The Carthaginians were gifted sailors and talented merchants who came to dominate the ancient Mediterranean, in the process coming into conflict with the Greeks and later with the Romans. Athens was the maritime center of Greece, and a number of Greek colonies were established in Asia Minor, southern Italy, and Sicily, among others. Since the Carthaginians also had an interest in Sicily, a number of conflicts ensued between the navies and land forces of the two powers. As is typical in such confrontations, each side must have resented the other and described its adversaries in unflattering terms. The Greeks referred to the Carthaginians as greedy and faithless, and although the records and libraries of the latter were destroyed in 146 BCE, we can imagine that they applied reciprocal pejoratives to their Greek rivals.
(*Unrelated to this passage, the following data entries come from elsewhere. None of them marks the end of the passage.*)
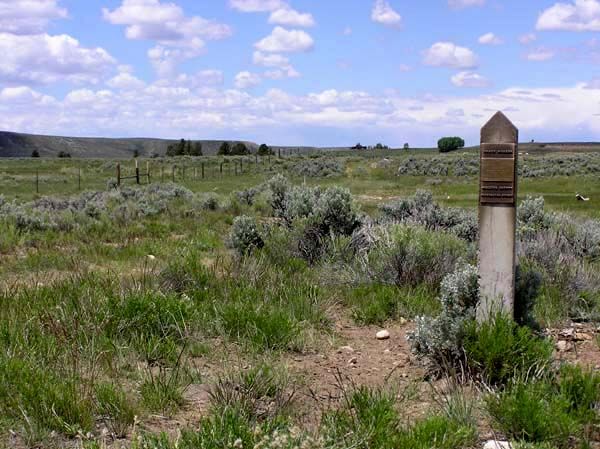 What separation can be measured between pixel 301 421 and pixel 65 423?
1.36 meters

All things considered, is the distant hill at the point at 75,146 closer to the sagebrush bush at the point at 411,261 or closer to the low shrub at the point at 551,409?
the sagebrush bush at the point at 411,261

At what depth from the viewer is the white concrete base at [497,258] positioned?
538 cm

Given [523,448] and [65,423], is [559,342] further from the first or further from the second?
[65,423]

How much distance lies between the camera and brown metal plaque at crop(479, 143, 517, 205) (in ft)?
17.6

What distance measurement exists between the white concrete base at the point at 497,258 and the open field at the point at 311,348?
0.20m

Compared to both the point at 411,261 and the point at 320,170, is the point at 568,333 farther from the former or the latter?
the point at 320,170

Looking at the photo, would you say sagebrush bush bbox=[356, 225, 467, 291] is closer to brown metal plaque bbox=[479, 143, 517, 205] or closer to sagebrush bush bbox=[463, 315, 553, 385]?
brown metal plaque bbox=[479, 143, 517, 205]

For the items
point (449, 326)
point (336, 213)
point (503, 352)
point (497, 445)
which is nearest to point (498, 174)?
point (449, 326)

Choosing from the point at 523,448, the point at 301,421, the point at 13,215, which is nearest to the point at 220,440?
the point at 301,421

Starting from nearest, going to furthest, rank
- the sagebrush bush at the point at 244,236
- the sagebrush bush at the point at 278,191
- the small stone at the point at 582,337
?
A: the small stone at the point at 582,337 < the sagebrush bush at the point at 244,236 < the sagebrush bush at the point at 278,191

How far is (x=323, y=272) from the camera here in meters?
8.36

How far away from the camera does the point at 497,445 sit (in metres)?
3.89

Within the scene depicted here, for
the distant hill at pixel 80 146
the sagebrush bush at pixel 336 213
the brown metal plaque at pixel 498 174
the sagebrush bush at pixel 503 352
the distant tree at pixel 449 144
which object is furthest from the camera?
the distant hill at pixel 80 146

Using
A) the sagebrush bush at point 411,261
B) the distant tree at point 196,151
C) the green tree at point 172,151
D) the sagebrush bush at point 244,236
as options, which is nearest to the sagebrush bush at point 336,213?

When the bellicose Roman Republic made a grab for Sicily, invading Messana in 264 BCE and starting the first so-called “Punic” war, a new level of propaganda developed, escalating during the successive conflicts over the next 100 years. A good example can be found in Livy’s description of the character of Hannibal in Book XXI of his History of Rome. After grudgingly praising Hannibal’s fearlessness, endurance, and hardiness, he details what he calls “grievous shortcomings”: excessive cruelty, more than “Punic” perfidy, greed, and lack of respect for religion and the gods.
Such charges are not supported by the historical record, for Hannibal most certainly did not exhibit cruelty greater than that of the Romans, did honor his agreements, was not distinguished by obvious greediness, and abided by religious conventions prior to the start of his expedition against Rome (218 BCE), in the text of his treaty with Philip V of Macedonia (215 BCE, recorded in Polybius), and elsewhere. The allegations were part of Roman propaganda demonizing the Carthaginians, as were a number of invented incidents of brutality in Livy’s “history” (totally absent in the more sober account by Polybius).
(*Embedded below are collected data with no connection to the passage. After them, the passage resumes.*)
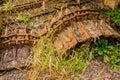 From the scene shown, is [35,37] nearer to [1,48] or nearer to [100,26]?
[1,48]

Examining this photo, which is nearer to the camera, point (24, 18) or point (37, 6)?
point (24, 18)

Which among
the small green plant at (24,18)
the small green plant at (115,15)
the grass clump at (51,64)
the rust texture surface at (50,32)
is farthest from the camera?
the small green plant at (24,18)

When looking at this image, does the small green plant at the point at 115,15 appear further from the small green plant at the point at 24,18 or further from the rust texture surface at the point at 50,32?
the small green plant at the point at 24,18

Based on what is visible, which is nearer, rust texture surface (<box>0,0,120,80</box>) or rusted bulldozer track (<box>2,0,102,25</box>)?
rust texture surface (<box>0,0,120,80</box>)

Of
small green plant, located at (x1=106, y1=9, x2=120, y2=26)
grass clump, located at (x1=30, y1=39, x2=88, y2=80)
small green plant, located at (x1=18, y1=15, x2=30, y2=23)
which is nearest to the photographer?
grass clump, located at (x1=30, y1=39, x2=88, y2=80)

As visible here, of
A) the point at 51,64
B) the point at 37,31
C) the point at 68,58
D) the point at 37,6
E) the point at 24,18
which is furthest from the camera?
the point at 37,6

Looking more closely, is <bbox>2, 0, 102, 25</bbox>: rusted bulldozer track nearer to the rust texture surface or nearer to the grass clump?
the rust texture surface

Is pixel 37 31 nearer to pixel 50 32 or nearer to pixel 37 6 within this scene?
pixel 50 32

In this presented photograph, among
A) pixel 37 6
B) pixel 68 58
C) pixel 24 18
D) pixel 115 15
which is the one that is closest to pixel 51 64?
pixel 68 58

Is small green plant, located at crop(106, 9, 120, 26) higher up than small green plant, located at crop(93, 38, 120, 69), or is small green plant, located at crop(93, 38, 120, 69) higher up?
small green plant, located at crop(106, 9, 120, 26)

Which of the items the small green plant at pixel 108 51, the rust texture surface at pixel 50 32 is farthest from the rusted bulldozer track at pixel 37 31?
the small green plant at pixel 108 51

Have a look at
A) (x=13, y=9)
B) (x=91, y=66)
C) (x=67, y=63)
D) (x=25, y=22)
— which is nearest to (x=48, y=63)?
(x=67, y=63)

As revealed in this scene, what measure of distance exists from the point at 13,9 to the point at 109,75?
2.31m

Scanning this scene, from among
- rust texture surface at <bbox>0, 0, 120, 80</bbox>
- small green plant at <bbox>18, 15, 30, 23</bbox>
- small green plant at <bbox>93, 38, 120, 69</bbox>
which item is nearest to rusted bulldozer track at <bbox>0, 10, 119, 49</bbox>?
rust texture surface at <bbox>0, 0, 120, 80</bbox> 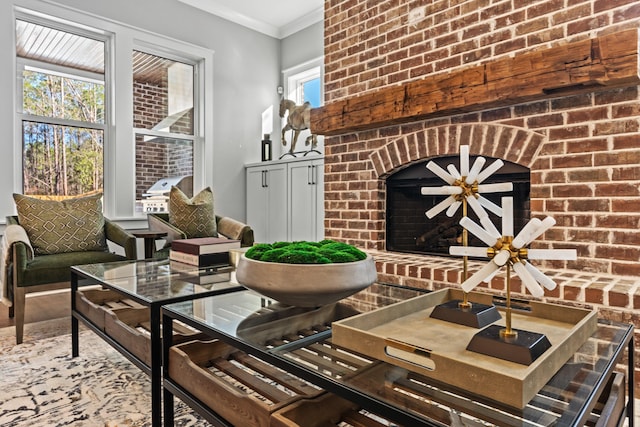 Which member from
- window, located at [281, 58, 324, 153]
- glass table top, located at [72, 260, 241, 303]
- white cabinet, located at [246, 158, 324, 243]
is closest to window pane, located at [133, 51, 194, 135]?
white cabinet, located at [246, 158, 324, 243]

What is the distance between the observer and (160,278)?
1.78 m

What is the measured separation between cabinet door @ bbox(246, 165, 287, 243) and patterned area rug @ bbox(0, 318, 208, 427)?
2.32m

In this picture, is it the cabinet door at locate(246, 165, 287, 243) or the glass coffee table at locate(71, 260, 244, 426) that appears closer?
the glass coffee table at locate(71, 260, 244, 426)

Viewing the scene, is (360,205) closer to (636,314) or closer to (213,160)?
(636,314)

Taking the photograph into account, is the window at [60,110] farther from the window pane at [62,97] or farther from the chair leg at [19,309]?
the chair leg at [19,309]

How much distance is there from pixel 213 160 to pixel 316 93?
138 cm

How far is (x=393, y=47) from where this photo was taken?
108 inches

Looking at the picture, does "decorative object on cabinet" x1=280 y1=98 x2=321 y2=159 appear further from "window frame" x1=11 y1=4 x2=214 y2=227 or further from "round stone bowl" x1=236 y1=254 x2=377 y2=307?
"round stone bowl" x1=236 y1=254 x2=377 y2=307

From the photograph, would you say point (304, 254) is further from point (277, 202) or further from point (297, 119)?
point (297, 119)

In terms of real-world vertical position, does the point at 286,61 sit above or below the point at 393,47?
above

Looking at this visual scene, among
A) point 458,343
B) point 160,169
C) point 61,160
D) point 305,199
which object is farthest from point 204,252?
point 160,169

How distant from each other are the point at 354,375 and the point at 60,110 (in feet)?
12.9

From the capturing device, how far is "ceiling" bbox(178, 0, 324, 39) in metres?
4.38

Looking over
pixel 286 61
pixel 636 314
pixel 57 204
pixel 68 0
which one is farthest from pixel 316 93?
pixel 636 314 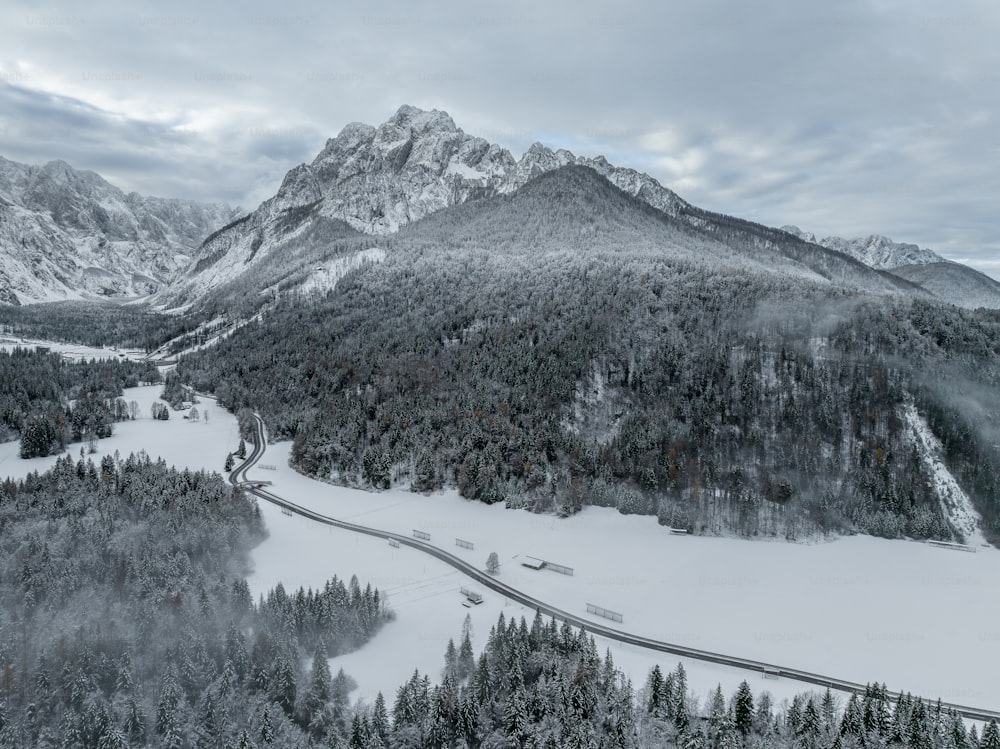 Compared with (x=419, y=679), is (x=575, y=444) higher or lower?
higher

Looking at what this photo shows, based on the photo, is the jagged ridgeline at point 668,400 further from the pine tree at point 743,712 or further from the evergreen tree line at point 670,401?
the pine tree at point 743,712

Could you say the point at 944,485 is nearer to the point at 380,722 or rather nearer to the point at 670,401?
the point at 670,401

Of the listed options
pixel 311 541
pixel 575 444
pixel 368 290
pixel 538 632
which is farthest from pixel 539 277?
pixel 538 632

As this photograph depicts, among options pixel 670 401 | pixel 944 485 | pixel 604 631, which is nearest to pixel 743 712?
pixel 604 631

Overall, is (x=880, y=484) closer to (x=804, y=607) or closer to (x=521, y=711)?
(x=804, y=607)

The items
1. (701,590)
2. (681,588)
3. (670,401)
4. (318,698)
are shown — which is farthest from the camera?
(670,401)

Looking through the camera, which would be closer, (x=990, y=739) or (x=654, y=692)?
(x=990, y=739)

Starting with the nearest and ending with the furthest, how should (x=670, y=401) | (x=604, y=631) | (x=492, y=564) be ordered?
1. (x=604, y=631)
2. (x=492, y=564)
3. (x=670, y=401) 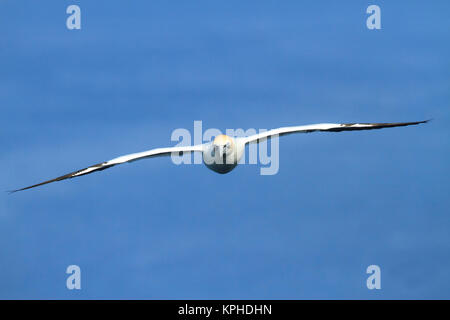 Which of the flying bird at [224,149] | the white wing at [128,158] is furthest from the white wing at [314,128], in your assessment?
the white wing at [128,158]

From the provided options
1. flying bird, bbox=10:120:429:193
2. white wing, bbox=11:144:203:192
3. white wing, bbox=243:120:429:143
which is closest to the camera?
flying bird, bbox=10:120:429:193

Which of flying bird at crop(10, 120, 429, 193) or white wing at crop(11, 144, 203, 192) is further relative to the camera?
white wing at crop(11, 144, 203, 192)

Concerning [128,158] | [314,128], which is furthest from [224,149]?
[128,158]

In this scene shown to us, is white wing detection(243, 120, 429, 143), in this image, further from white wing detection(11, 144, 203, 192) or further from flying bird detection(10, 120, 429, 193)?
white wing detection(11, 144, 203, 192)

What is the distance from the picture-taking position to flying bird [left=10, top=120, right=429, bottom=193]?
210 feet

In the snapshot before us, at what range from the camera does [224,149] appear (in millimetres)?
63875

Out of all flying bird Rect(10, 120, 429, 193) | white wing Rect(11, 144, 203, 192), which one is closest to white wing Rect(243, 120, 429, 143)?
flying bird Rect(10, 120, 429, 193)

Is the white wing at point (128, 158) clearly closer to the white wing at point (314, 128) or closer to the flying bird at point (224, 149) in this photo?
the flying bird at point (224, 149)

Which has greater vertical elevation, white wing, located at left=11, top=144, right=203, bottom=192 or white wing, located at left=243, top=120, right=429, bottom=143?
white wing, located at left=243, top=120, right=429, bottom=143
The most extreme and virulent form of anti-Carthaginian propaganda can be found in the works of the notoriously biased and unreliable Diodorus Siculus, a Greek historian writing in Sicily during the first century BCE, and concerns the allegation that the Carthaginians sacrificed children on the altar to Moloch, a notion that has been widely disseminated and yet has no foundation in fact. Contrary to the popular myth that culminated in the fantasies of Gustave Flaubert in Salammbo, the Carthaginians did not engage in child sacrifice.
There is a cemetery of children at Carthage, the tophet, but research by a number of scholars, such as M’hamed Hassine Fantar, Sabatini Moscati, Piero Bartolino, Michel Gras, Pierre Rouillard, Javier Teixidor, Salvatore Conte, and others, has revealed that the remains are of children of various ages with no evidence that they were sacrificed—certainly not first born babies immolated to Moloch! Archaeological excavations have shown that the majority of the urns contain the bones and ashes of fetuses, in other words, stillborn children.
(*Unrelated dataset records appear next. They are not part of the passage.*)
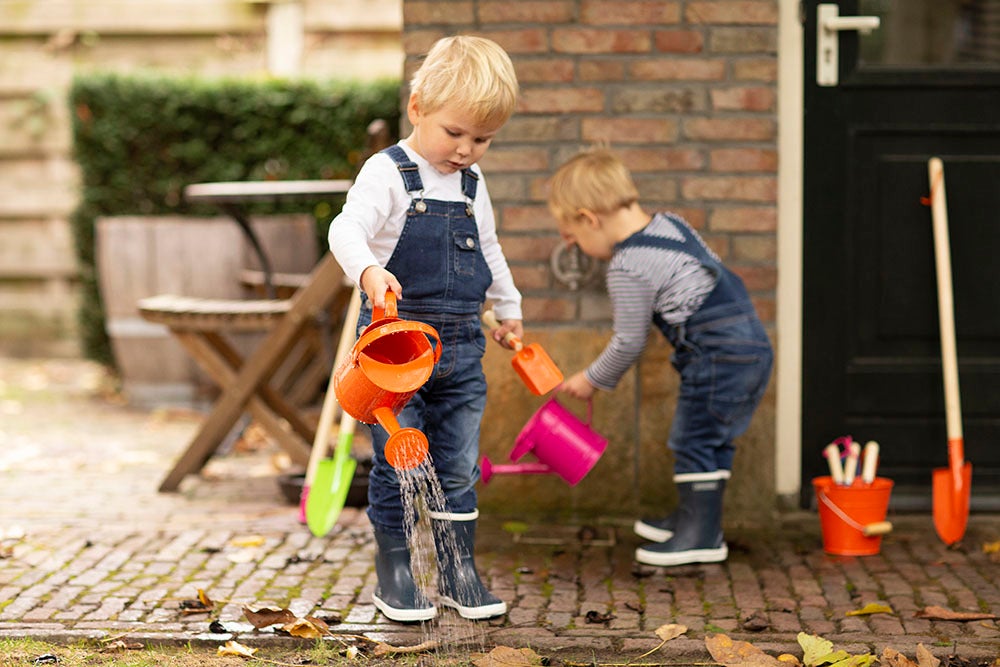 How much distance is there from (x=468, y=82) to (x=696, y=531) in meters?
1.52

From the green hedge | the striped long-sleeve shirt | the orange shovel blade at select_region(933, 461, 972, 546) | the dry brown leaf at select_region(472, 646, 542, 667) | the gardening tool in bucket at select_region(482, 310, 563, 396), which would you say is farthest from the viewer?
the green hedge

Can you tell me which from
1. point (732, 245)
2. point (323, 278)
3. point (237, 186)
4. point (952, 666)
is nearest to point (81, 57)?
point (237, 186)

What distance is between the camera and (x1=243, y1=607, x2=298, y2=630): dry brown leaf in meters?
3.25

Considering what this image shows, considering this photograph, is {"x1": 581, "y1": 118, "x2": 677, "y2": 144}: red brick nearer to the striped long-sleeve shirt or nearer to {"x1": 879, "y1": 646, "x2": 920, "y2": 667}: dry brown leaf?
the striped long-sleeve shirt

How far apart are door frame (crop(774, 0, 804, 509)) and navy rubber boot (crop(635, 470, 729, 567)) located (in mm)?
521

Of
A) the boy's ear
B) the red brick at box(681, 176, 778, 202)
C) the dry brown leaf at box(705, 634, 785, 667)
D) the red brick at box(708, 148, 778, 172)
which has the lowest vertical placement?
the dry brown leaf at box(705, 634, 785, 667)

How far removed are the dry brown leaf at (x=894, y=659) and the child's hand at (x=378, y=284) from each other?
1378 mm

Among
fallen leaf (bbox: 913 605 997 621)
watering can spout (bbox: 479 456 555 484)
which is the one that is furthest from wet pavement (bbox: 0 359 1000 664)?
watering can spout (bbox: 479 456 555 484)

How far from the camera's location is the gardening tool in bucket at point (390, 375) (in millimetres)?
2890

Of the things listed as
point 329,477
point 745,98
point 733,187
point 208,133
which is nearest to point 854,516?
point 733,187

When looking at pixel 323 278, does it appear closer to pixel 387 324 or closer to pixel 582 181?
pixel 582 181

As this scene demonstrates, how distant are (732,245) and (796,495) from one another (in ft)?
2.85

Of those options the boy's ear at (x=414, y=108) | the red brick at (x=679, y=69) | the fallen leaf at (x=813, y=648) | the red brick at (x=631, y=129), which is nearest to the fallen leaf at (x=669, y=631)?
the fallen leaf at (x=813, y=648)

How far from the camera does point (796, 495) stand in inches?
171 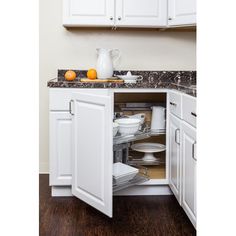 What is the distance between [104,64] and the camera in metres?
3.07

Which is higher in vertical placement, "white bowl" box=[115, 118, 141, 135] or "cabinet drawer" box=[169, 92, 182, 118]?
"cabinet drawer" box=[169, 92, 182, 118]

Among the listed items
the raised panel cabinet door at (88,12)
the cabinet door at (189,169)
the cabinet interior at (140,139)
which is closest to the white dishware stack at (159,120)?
the cabinet interior at (140,139)

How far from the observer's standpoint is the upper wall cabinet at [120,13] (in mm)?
2988

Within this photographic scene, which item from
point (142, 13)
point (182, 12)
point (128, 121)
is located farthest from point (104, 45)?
point (128, 121)

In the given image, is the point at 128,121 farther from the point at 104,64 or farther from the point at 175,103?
the point at 104,64

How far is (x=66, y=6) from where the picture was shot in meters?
2.98

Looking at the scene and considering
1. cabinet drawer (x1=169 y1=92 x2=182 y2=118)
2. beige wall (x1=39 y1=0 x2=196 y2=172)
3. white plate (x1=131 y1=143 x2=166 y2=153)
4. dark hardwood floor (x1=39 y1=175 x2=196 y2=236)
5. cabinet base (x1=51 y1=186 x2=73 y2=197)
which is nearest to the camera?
dark hardwood floor (x1=39 y1=175 x2=196 y2=236)

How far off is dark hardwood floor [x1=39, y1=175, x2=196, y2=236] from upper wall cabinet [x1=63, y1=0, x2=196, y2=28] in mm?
1289

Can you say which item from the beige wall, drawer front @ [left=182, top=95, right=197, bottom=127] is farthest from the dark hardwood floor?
the beige wall

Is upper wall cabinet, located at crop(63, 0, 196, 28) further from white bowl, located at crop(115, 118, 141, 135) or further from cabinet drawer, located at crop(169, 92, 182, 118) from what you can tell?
white bowl, located at crop(115, 118, 141, 135)

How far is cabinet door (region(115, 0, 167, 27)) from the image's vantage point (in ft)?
9.88

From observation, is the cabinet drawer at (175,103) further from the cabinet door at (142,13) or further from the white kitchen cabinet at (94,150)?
the cabinet door at (142,13) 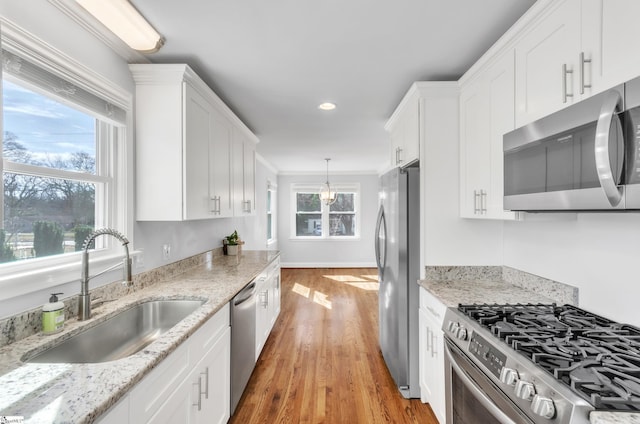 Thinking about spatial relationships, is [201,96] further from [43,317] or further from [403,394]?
[403,394]

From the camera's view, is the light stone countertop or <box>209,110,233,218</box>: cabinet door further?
<box>209,110,233,218</box>: cabinet door

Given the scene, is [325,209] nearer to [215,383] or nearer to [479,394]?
[215,383]

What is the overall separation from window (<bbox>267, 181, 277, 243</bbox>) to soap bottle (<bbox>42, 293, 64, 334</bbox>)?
5726 millimetres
Infant mortality was high in ancient times. According to Piero Bartolini, the Head of the Department of Phoenician-Punic Archaeology of the University of Sassari, only three out of 10 children born survived past the first year, and only 1 in 10 reached adulthood. It would have been madness to add to the high infant mortality the sacrifice of first-born children. The tophet at Carthage was a cemetery for stillborn children and children who died in early infancy of natural or accidental causes, not for sacrificial victims.
The myth, originating with Diodorus Siculus, was picked up a century later by Plutarch and quoted by many afterwards. Nevertheless, Polybius, the more reliable chronicler of the rise of Rome and the wars with Carthage, does not mention child sacrifices at all, although he must have been extremely familiar with Carthaginian culture. He had no reason to cover up such practice had it existed, for he actually fought against Carthage and accompanied Scipio Aemiliano when Carthage was destroyed in 146 BCE. We also find no mention of the practice in the history of the wars written by Livy, who was a contemporary of Diodorus Siculus, although he, also, was not a friend of Carthage, and was responsible for a measure of anti-Carthaginian propaganda. There is no doubt that, had there been any reliable evidence of such practice, Livy would referred to it in his patriotic pro-Roman accounts.
Interestingly enough, those who today continue to insist on the now discredited myth of child sacrifices at Carthage tend to be Biblical archeologists. Since the Bible attributes child sacrifices to the Canaanites (ancestors of the Phoenicians, and thus of the Carthaginians), these must have really happened, since their absence would cast doubt on the credibility of the Bible as history. The possibility that such allegations could have been nothing more than propaganda invented to justify aggression against the Canaanite population tends to be discarded.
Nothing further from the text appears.